AIM OF THE EXERCISE
Reproduce exactly, with no pictures, each line from the opening of the material down through the line containing "Some key points".

Start of DATASET CONTENT

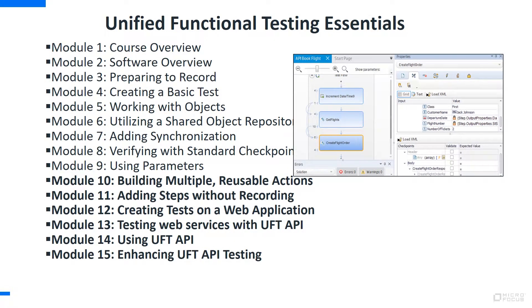And finally, this third section will focus on some of the key functions of UFT, including more advanced functions to utilize parameters and to create reusable actions.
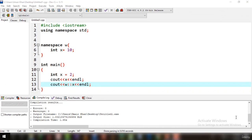Some key points about namespaces: first, namespace is a feature added only in C++, not present in C. Second, a namespace is a declarative region that provides scope to identifiers — names of types, functions, variables, and anything else inside it. Third, multiple namespace blocks with the same name are allowed; all declarations within those blocks are declared in the named scope.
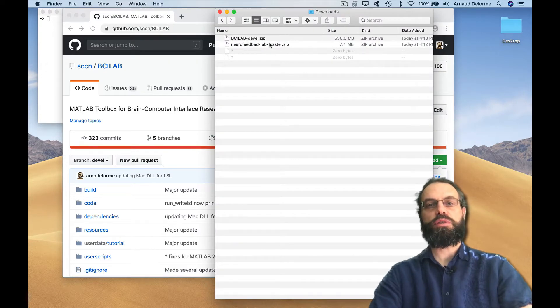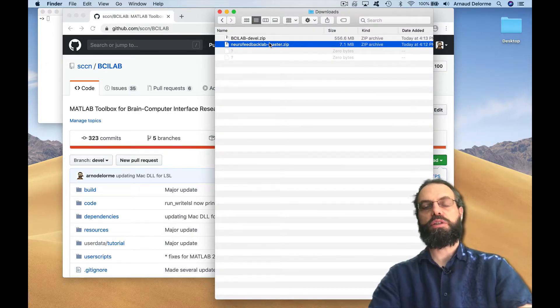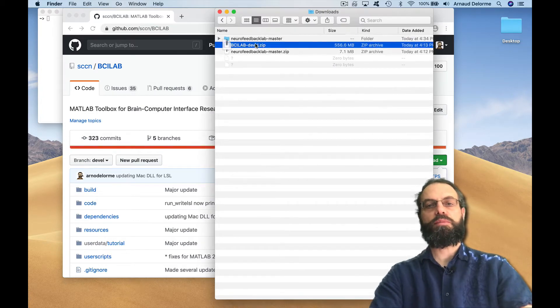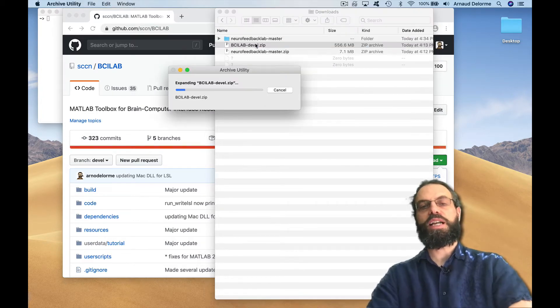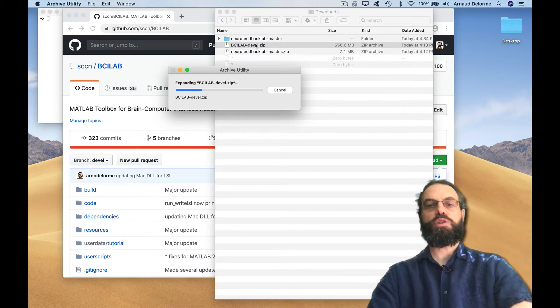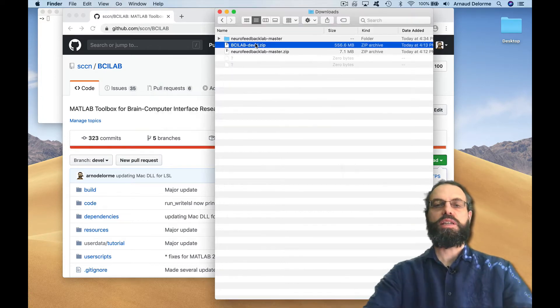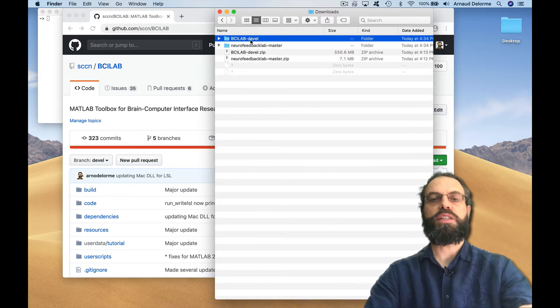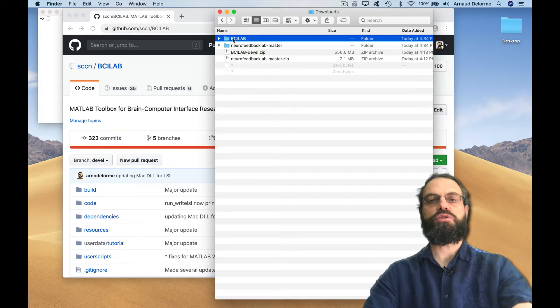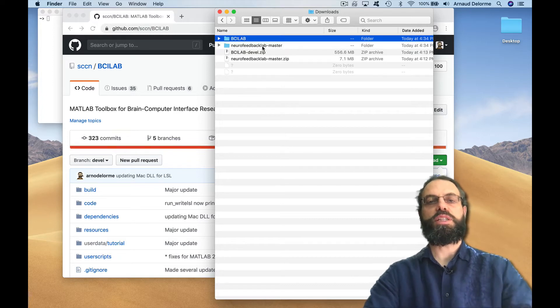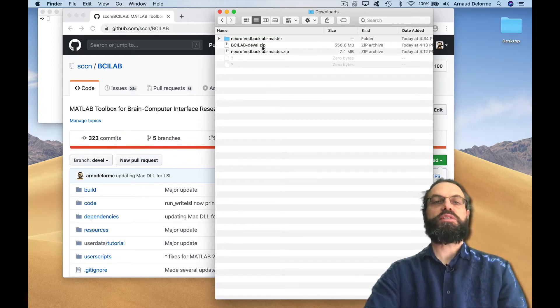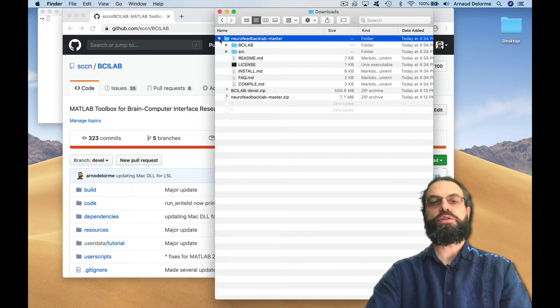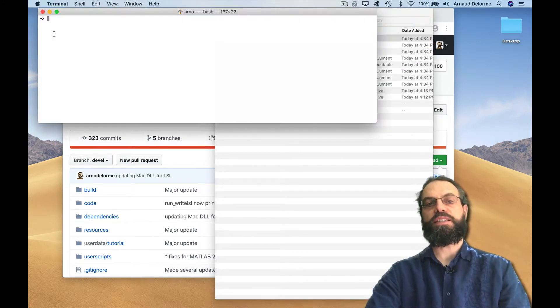In my download folder, we're going to unzip the Neurofeedback Lab program and unzip the BCI Lab program. Then we're going to move the BCI Lab program inside Neurofeedback Lab this way it's able to find it relatively easily. We have to rename it BCI Lab as well because it's usually expected to be named BCI Lab. So it's installed and ready to go.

End of DATASET CONTENT

ANSWER TO THE PROBLEM
And finally, this third section will focus on some of the key functions of UFT, including more advanced functions to utilize parameters and to create reusable actions.
Some key points about namespaces: first, namespace is a feature added only in C++, not present in C. Second, a namespace is a declarative region that provides scope to identifiers — names of types, functions, variables, and anything else inside it. Third, multiple namespace blocks with the same name are allowed; all declarations within those blocks are declared in the named scope.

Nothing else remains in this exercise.